Global Action Plan for Healthy Lives and Well-being for All: a commitment to accelerating together

  1. This global action plan was initiated by Germany and Norway but founded by a cluster of multilateral agencies, focused on implementation of SDG-3. See the full document or the summary for more information.
  2. Primary driver: the sharp bend in the trend-line needed if the indicators for SDG-3 are to be achieved. For example an estimated 800 million in the WHO SEARO region are vulnerable to severe financial stress from out-of-pocket health expenditure.

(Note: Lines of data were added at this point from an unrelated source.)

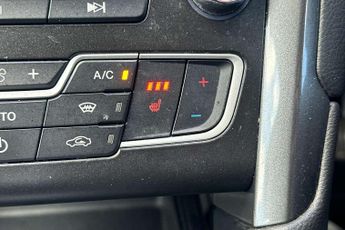 Ford Mondeo 2.0 Hybrid Titanium Edition 5dr Auto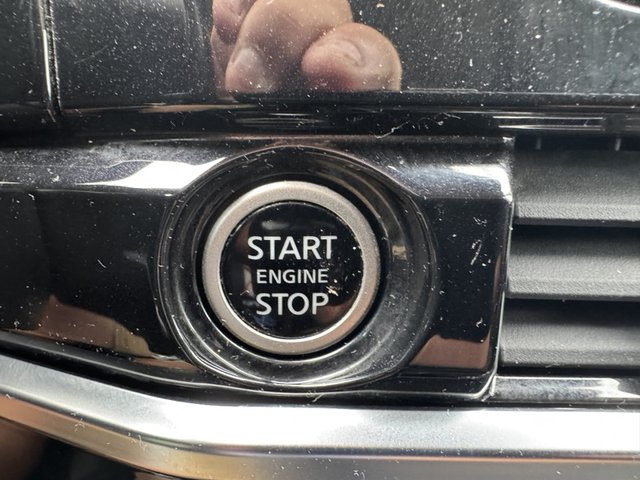 2022 Nissan Pathfinder SL 4WD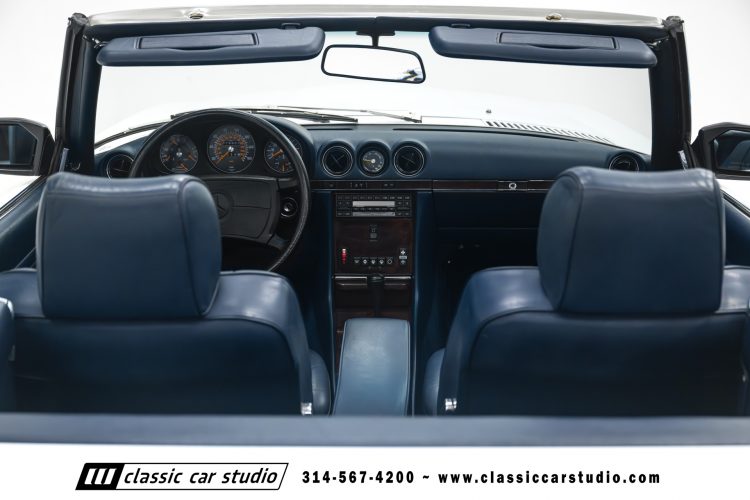 87_Mercedes_Benz_560SL_2262-74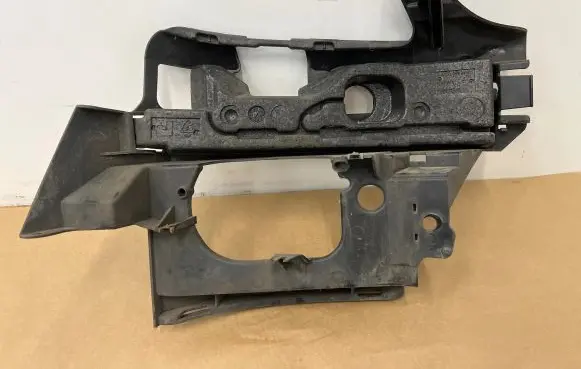Mercedes-Benz SLK R171 Front bumper mounting bracket A1718850165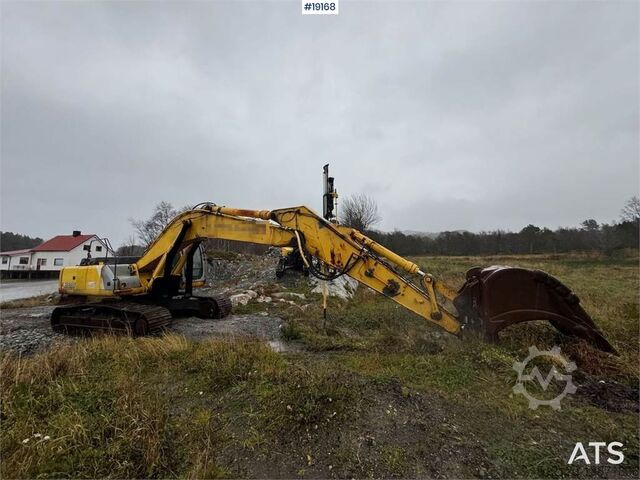 Гусеничный экскаватор New Holland Kobelco E385 Tracked digger w/ digging bucket
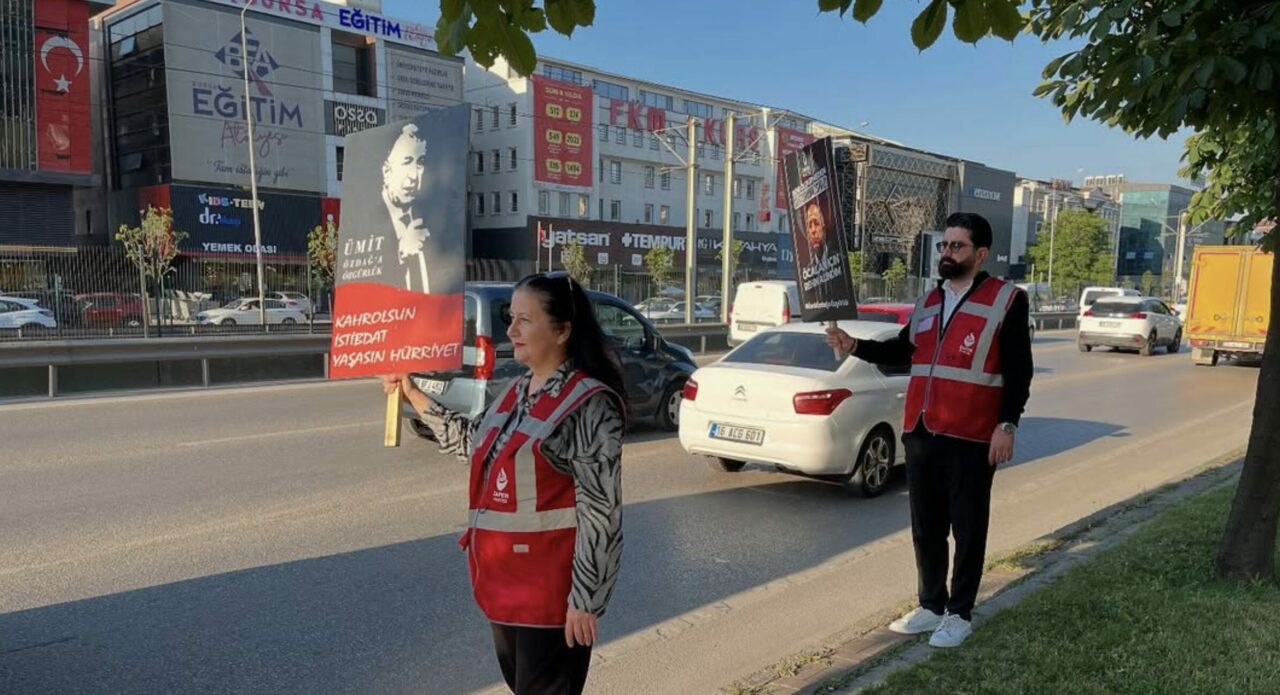 Silivri’deki Ümit Özdağ Bursa’daki sessiz eylemi örnek gösterdi!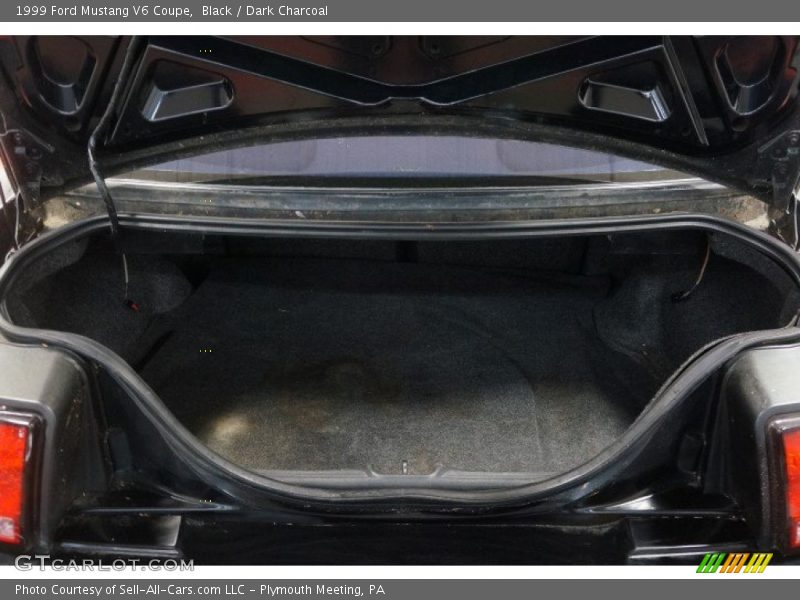 Black / Dark Charcoal 1999 Ford Mustang V6 Coupe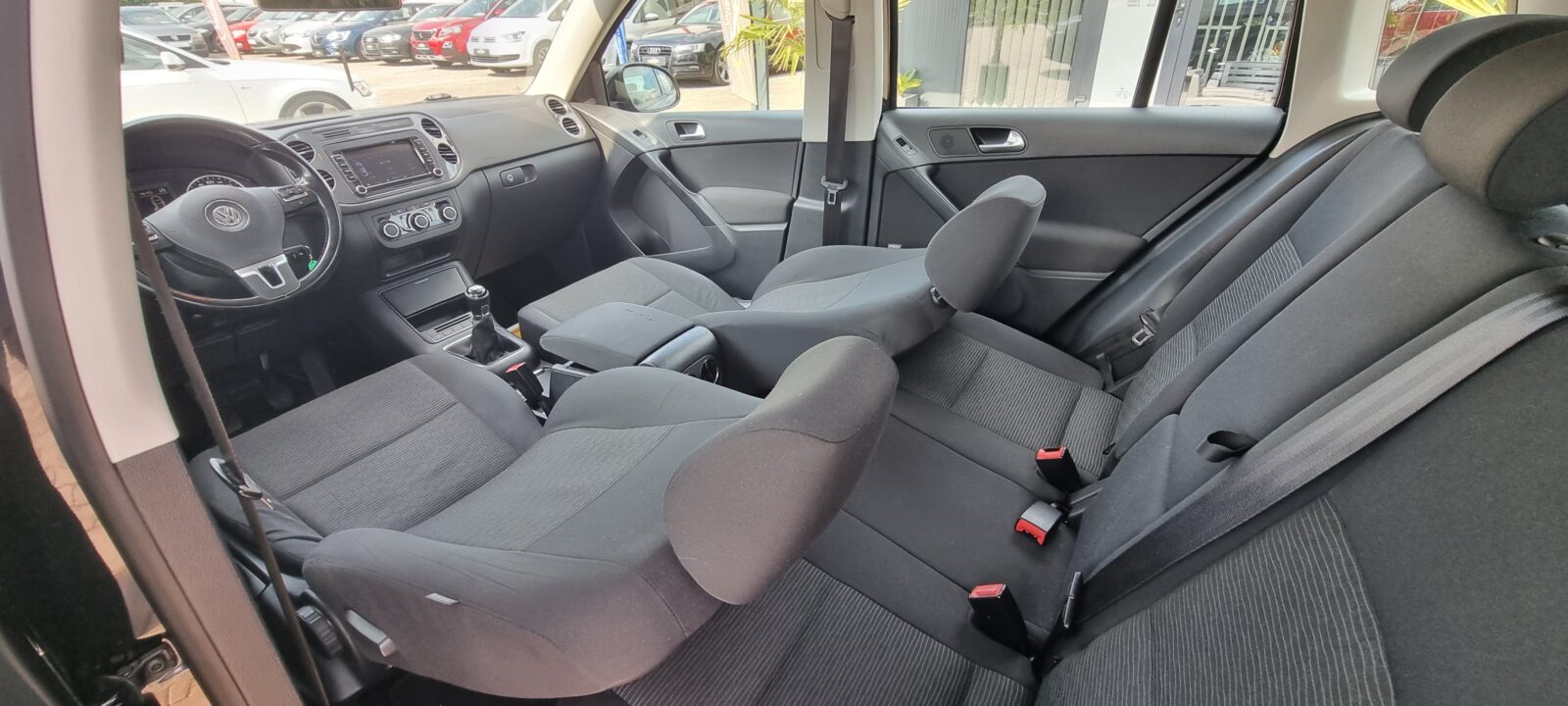 VW TIGUAN 2.0 TDI, 110 CP, AN 2014, EURO 5 Revizie efectuata (Distributie + Ulei filtre) RATE-LIVRARE-GARANTIE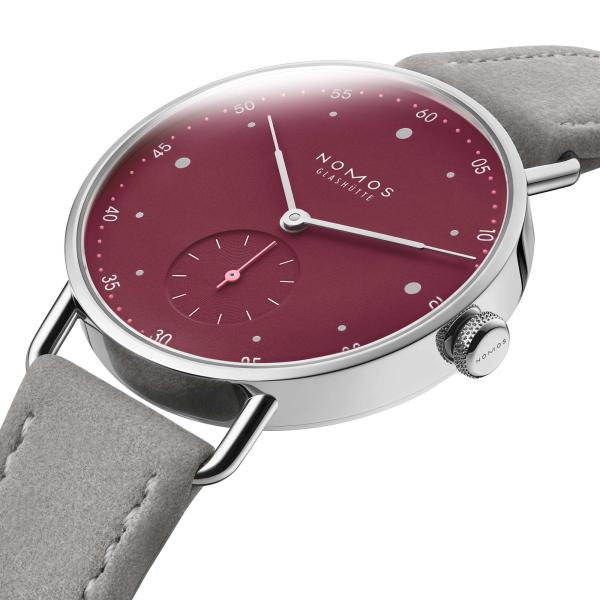 NOMOS Glashütte Metro 33 muted red (Ref: 1123)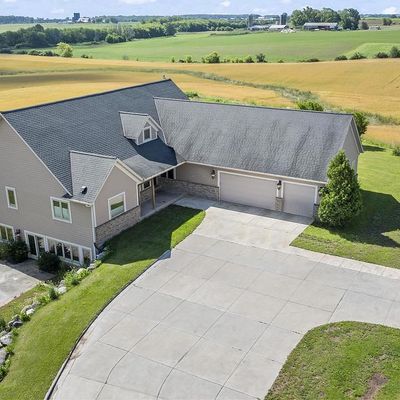 5858 Six Mile Rd, Belgium, WI 53004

  3. In the bottom group of less developed countries, health expenditure is estimated to be around 10% of what it needs to be by 2030 to achieve SDG-3, a gap of $180b. A World Bank presentation suggested the major factors to change this picture will be:
  • shift of country expenditure from lower priority items
  • investment in innovation
  • doubling of health-related aid
  1. The key task during current consultation phase (till September 2019) is to identify accelerators – joint actions that are expected to accelerate progress and remove obstacles
  2. Presentations from Ghana, Colombia and Nepal highlighted some of the challenges:
  • Sustaining achievement beyond the initial burst of enthusiasm and funding
  • Inequality, so focusing on median will not be good enough: disaggregated data is needed
  • Effective social protection (eg health insurance) systems
  • Weak HR capacity
  • Political structural decisions (eg Nepal) that makes some indicators go backwards
  • Inadequate data and data collection
  1. There is a representative civil society advisory group which calls for clear communication and consultancy and reminds that civil society will have a crucial role when it comes to implementation.